Dataset content
Segment Open
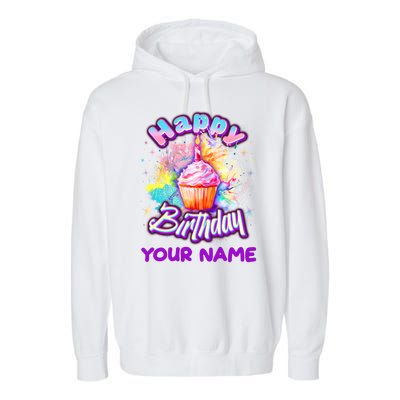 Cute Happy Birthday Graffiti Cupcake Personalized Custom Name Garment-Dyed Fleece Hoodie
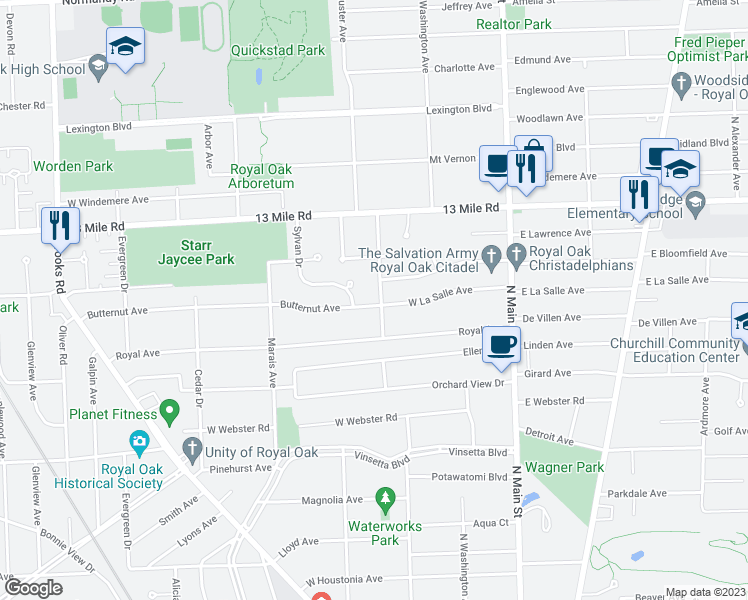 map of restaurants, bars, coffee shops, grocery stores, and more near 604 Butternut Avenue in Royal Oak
Segment Closed
Segment Open
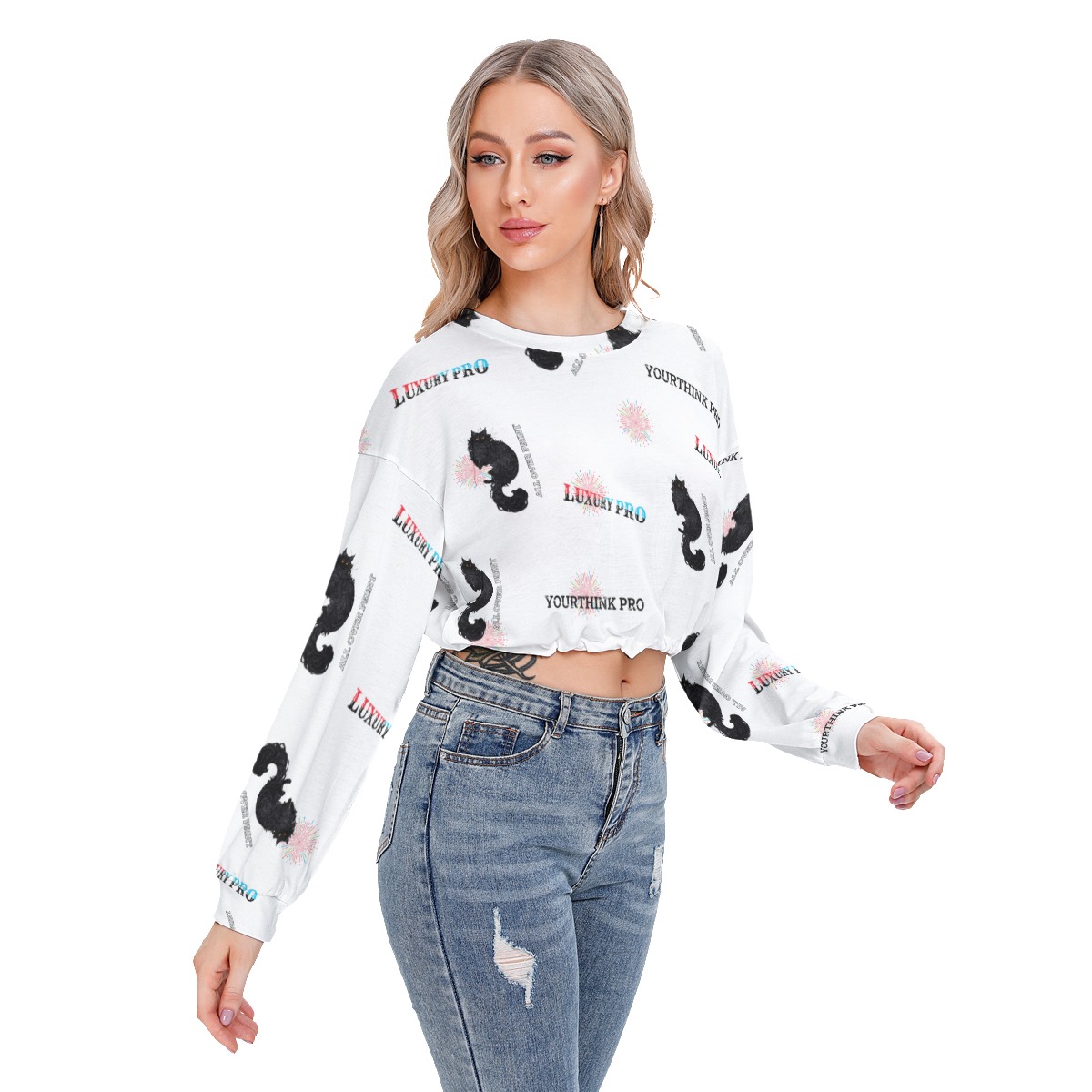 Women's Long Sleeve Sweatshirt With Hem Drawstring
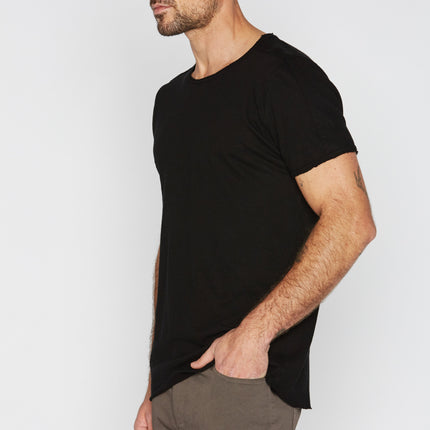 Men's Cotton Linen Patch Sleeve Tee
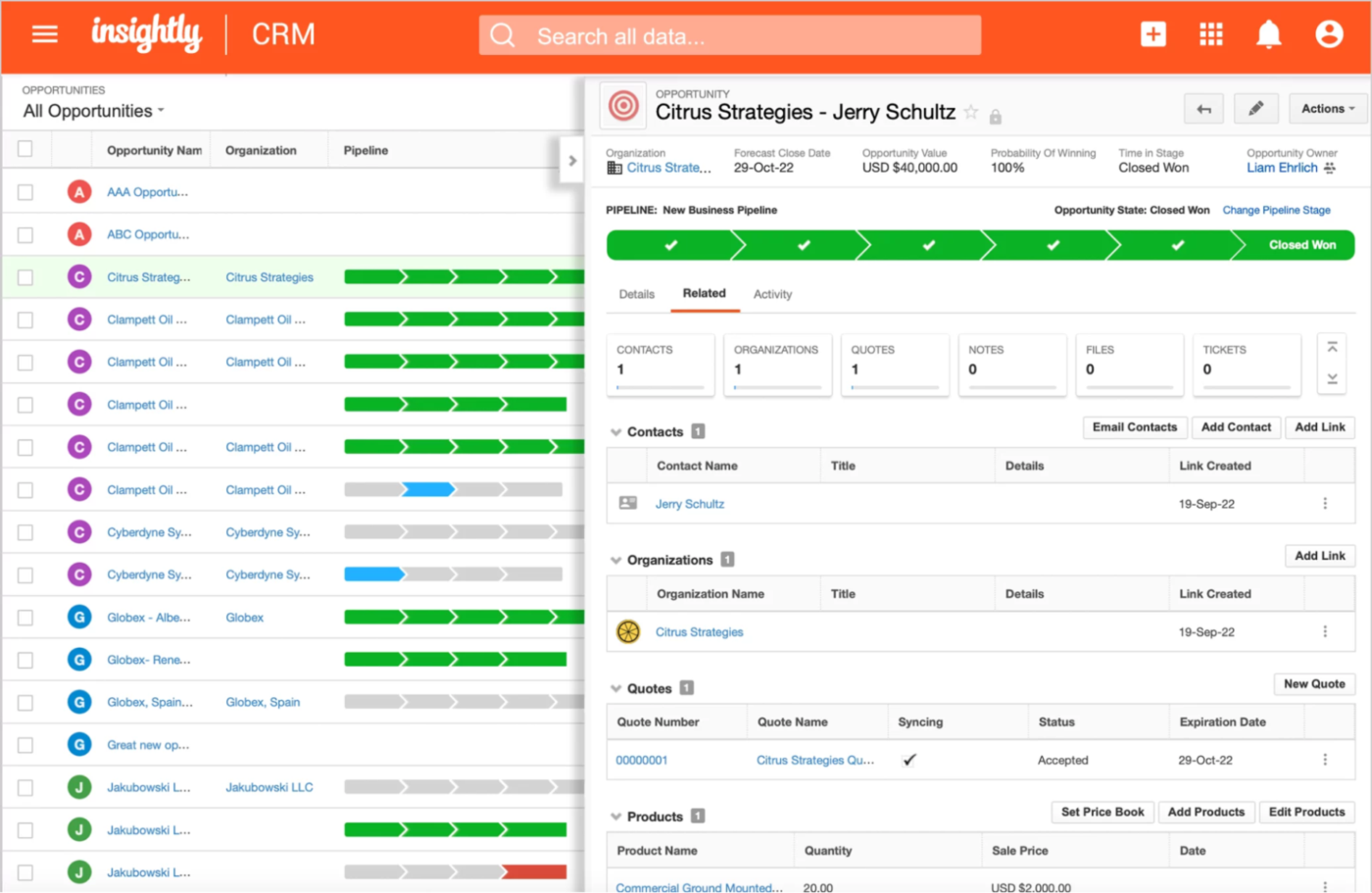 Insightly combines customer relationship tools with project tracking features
Segment Closed
Exercise goal
Each line above from the one containing "Cute Happy Birthday" through the one containing "map of restaurants, bars, coffee" is to be returned verbatim. Nothing else, and no pictures.

Result of the task
 Cute Happy Birthday Graffiti Cupcake Personalized Custom Name Garment-Dyed Fleece Hoodie
 map of restaurants, bars, coffee shops, grocery stores, and more near 604 Butternut Avenue in Royal Oak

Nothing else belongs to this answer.